→ **Exercise data**
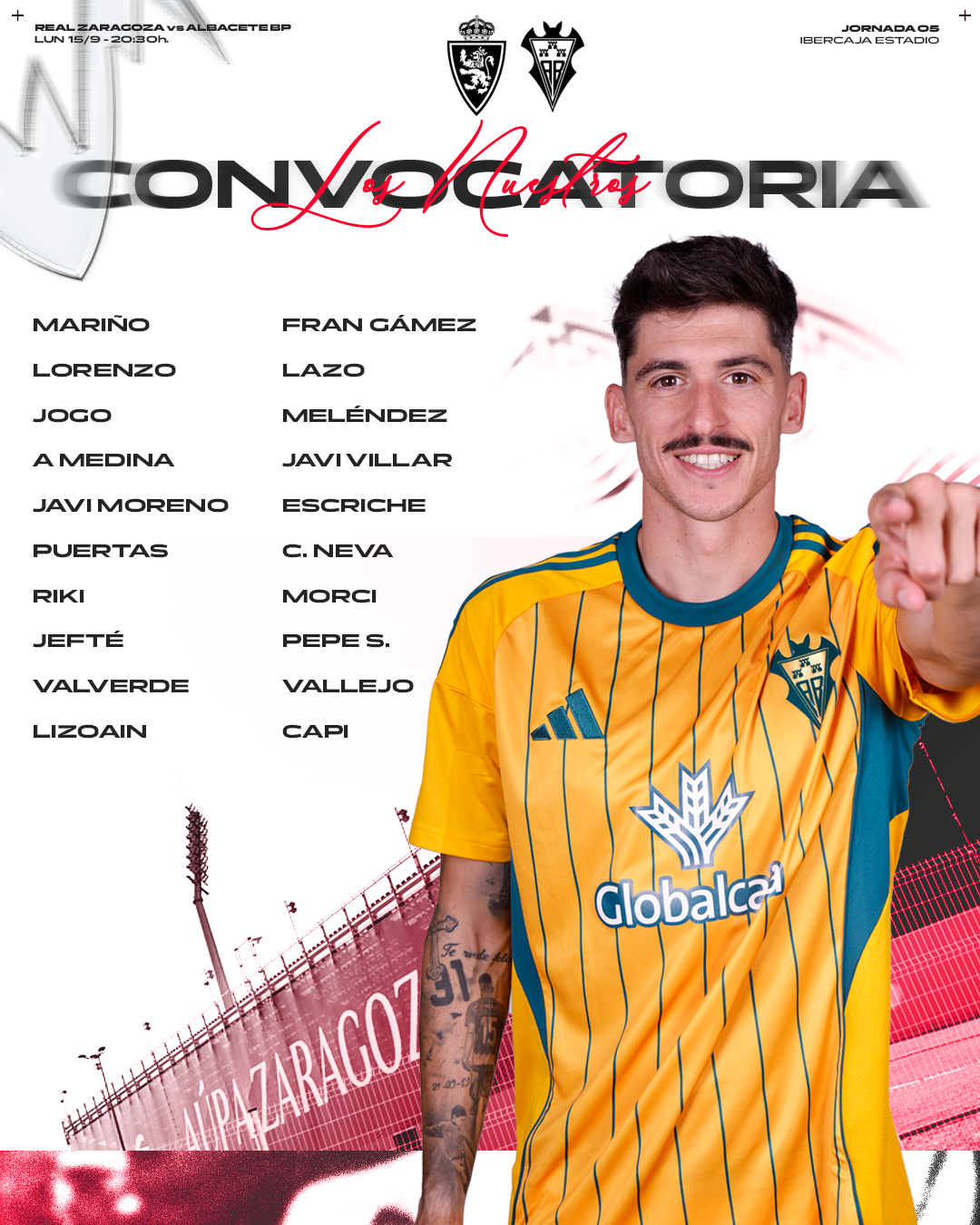 Convocatoria del Albacete para el partido en Zaragoza | Albacete Balompie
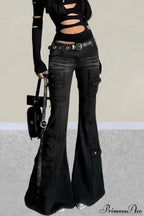 Vintage Multi-Pocket Y2K Slim Flare Jeans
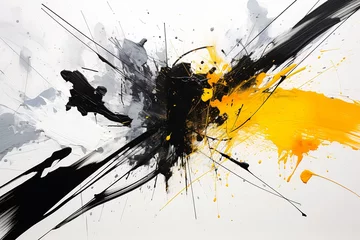 Fotobehang black yellow abstract paint splatter white space surrounding dynamic splashes syndicate whirlwind wasps signatures © Cary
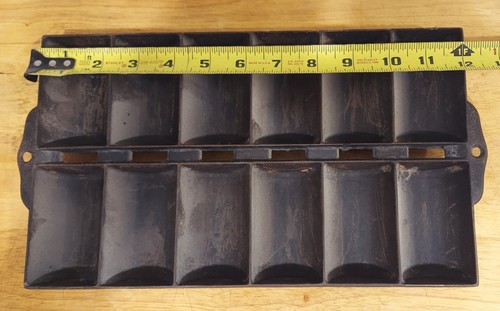 Vintage Gusseisen Französische Brötchen Pfanne Antik Tormarkiert 12 Fächer, UNMARKIERT - Bild 5 von 15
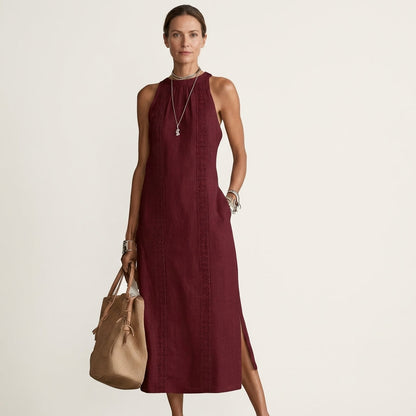 Jimena | Halterneck Linen Midi Dress with Lace Trim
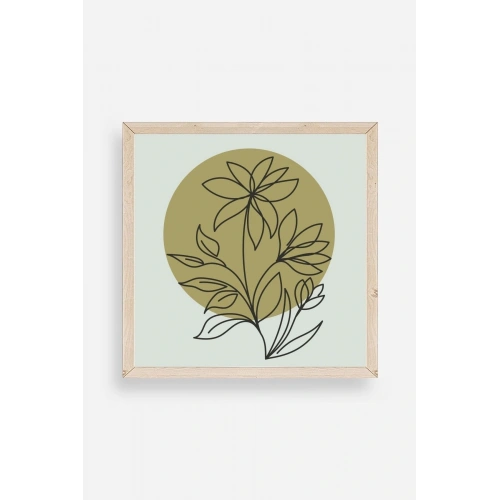 Çiçek Ahşap Çerçeveli Tablo 50 x 50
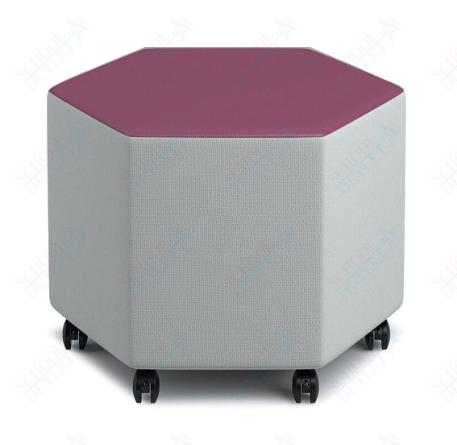 Russwood Library Furniture Zipit - Rollit Series - Rollit Hexagon soft seat - 14"H (RUS - RL - HX14 - G1) - SchoolOutlet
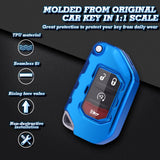 Blue Anti-dust Folding Remote Folding Key Case Skin For Jeep Wrangler 2018-2021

→ **Action item**
Could you set down every entry above exactly as it stands, with no images?

→ **Solution to the problem**
 Convocatoria del Albacete para el partido en Zaragoza | Albacete Balompie
 Vintage Multi-Pocket Y2K Slim Flare Jeans
 Fotobehang black yellow abstract paint splatter white space surrounding dynamic splashes syndicate whirlwind wasps signatures © Cary
 Vintage Gusseisen Französische Brötchen Pfanne Antik Tormarkiert 12 Fächer, UNMARKIERT - Bild 5 von 15
 Jimena | Halterneck Linen Midi Dress with Lace Trim
 Çiçek Ahşap Çerçeveli Tablo 50 x 50
 Russwood Library Furniture Zipit - Rollit Series - Rollit Hexagon soft seat - 14"H (RUS - RL - HX14 - G1) - SchoolOutlet
 Blue Anti-dust Folding Remote Folding Key Case Skin For Jeep Wrangler 2018-2021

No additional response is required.